Where there was discord, there is now harmony. And the result is a transformation in post-16 achievement in the old cotton-milling town on the outskirts of Greater Manchester.

Twelve years ago post-16 education in the area was in dire straits. The town had the second poorest post-16 results in England. For years it languished as one of the bottom three local education authorities.

Now it ranks in the top third in post-16 achievement. At Oldham sixth-form college, the A-level pass rate this year reached 98 per cent. Whereas a decade ago it was a net exporter of post-16 students - with more people going out of the borough for FE than coming into it - now it is a net importer.

Both colleges were visited this year by the Office for Standards in Education and the Adult Learning Inspectorate, the joint inspection service for FE, and both received exceptional reports.

Leadership and management were rated outstanding at the sixth-form college and good at the FE college. Both also got a sprinkling of grade one “outstanding” ratings for several curriculum areas.

Playing an important part in the revival is a ground-breaking collaboration between the two which began six years ago.

At that time co-operation between a sixth-form college and a general FE one was rare. Whenever Mr Brown gave details of the partnership at education conferences, there was astonishment.

Kath Thomas is surprised at the revelation about the hostility that existed between the two colleges.
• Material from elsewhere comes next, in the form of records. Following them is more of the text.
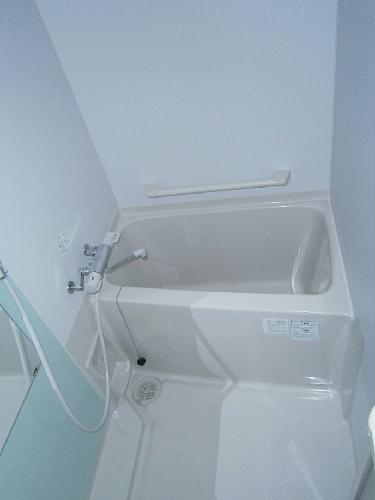 バス・シャワールーム　浴室乾燥機付きです。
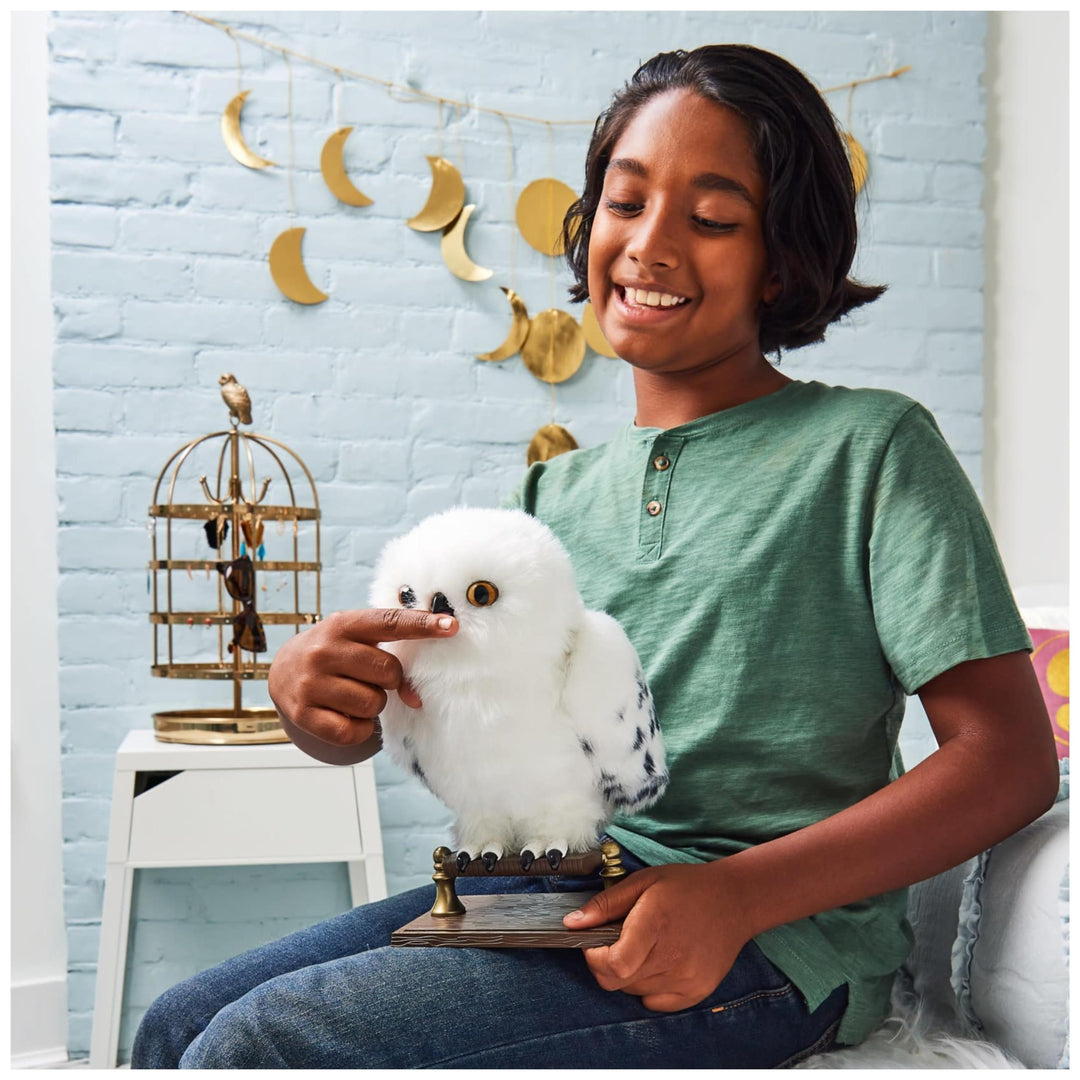 Wizarding World Enchanting Hedwig Interactive Harry Potter Owl con oltre 15 suoni
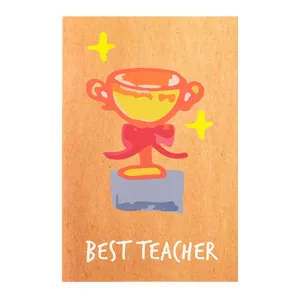 Biglietto d'auguri con trofeo a cartone e testo Best Teacher su trama carta kraft
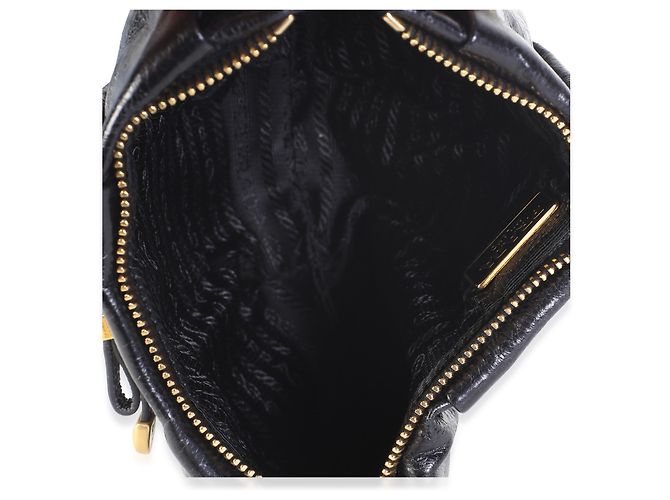 Clutch de muñeca Prada en Vitello Shine plisado con lazo, negra - vista 5
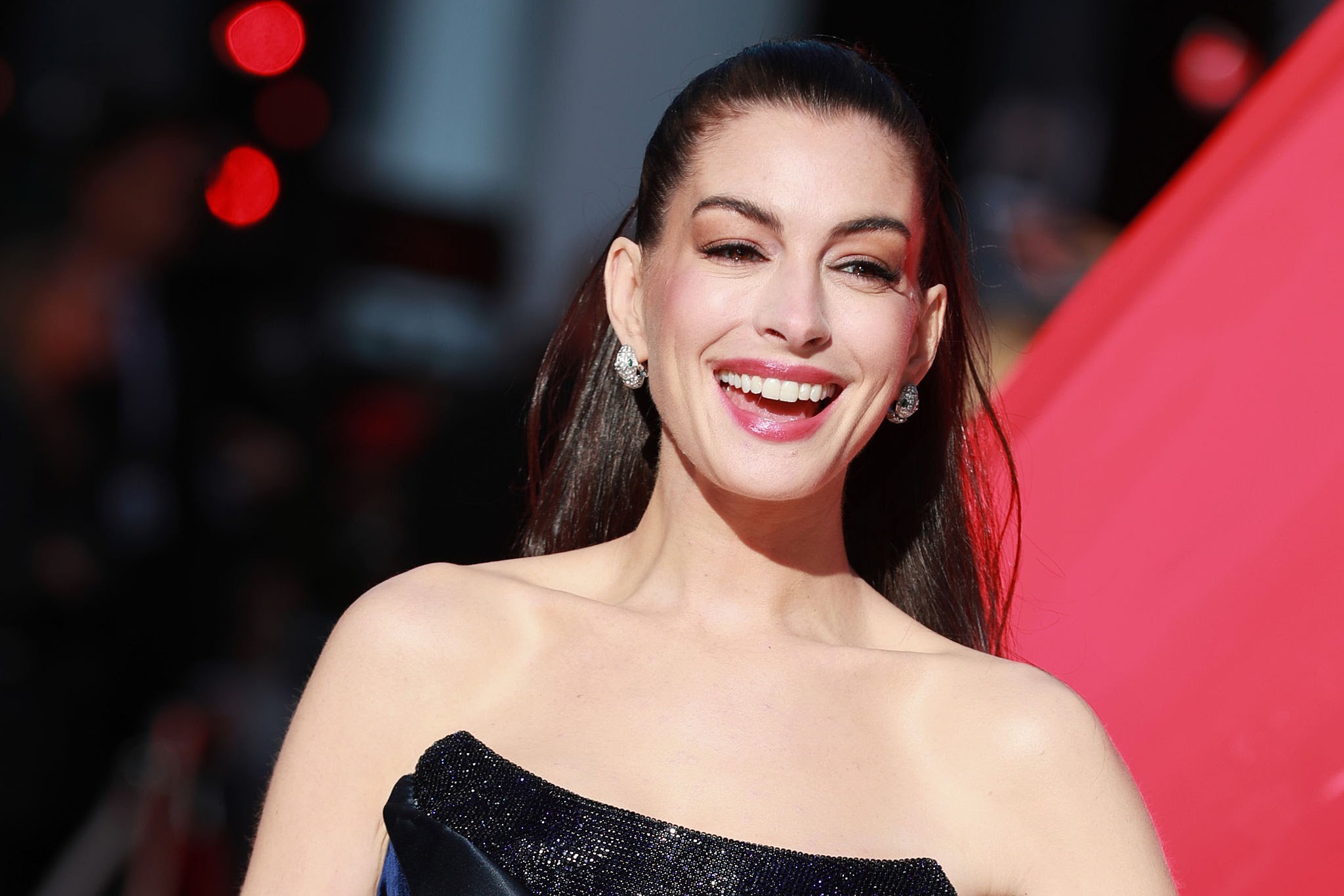 Anne Hathaway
She has only been in Oldham since February and had no idea that the rivalry once ran so deep.

Mr Brown says that poor relationships between the two had existed from the moment his sixth-form college was set up 12 years ago to tackle the poor post-16 achievement.The turning point came when he saw those documents detailing the plans for his college’s hoped-for demise.

“From that point we started talking to each other, but partnership is a difficult thing. It takes a long time to build trust,” he says.
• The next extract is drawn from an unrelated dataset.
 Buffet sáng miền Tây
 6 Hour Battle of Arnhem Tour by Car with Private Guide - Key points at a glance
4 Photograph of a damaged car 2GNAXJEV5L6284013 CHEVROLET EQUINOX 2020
Now the sixth-form college provides the academic route, offering A-levels in 43 subjects, leaving Oldham college free to provide the vocational courses.

There is no competition over courses, and the marketing managers of both colleges work together to attract students.

“What we did was rationalise provision and make sense of who does what,” he says.

“We had been doing adult education and other things just to make the books balance. But they are things we don’t do now because Oldham college does it better than us. It is not easy. We have to really work at building up trust to our mutual advantage.

“It is liberating not having to spend our time wondering what other institutions are up to. Now we talk about it and are helpful towards each other, though we are capable of having some robust exchanges.”

The principals now envisage taking that collaboration one step further, with the two colleges being at the centre of a learning arc for Oldham.

Both colleges are taking a lead in plans to establish a university in the town to expand higher education courses at Oldham college and at the nearby business management centre.

Kath Thomas explains: “One of the problems we have in Oldham is that young people are reluctant, for cultural and financial reasons, to go outside the town for HE.

“It is important to provide that in Oldham so we can continue to support our students, which is a fairly new concept.

“Universities expect people to be individual and independent learners, but some of our students need more support - the type they usually get when they do HE in an FE environment. It can make a fundamental change to the community and the way it interacts.”

So, now that collaboration is producing such positive results, is merger the next step?

On that Mr Brown is emphatic. “Merger is not the answer,” he says. “We are as different as chalk and cheese. It is not what the town wants.”